**Task statement:** Under this line are the records; write out word for word the part that begins at the line containing "AK license plate GKO565" and ends at the line containing "Farruz Ryan 21", and no more.

**Raw data:**

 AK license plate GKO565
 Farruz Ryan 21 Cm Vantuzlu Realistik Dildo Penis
* * *
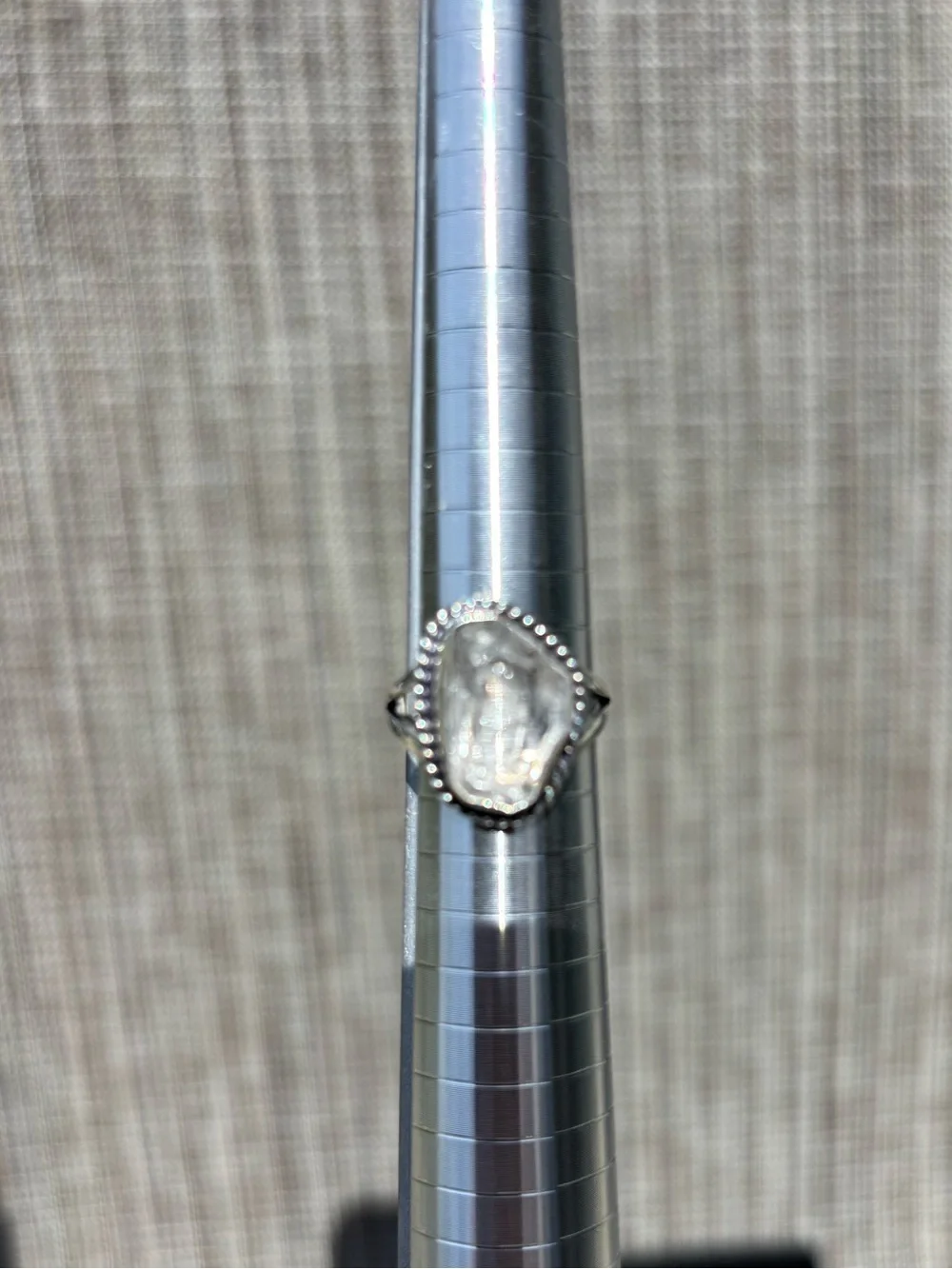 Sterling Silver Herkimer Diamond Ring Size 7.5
---
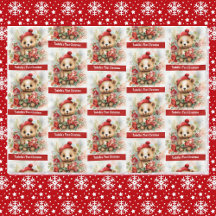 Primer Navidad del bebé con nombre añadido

**Task result:**
 AK license plate GKO565
 Farruz Ryan 21 Cm Vantuzlu Realistik Dildo Penis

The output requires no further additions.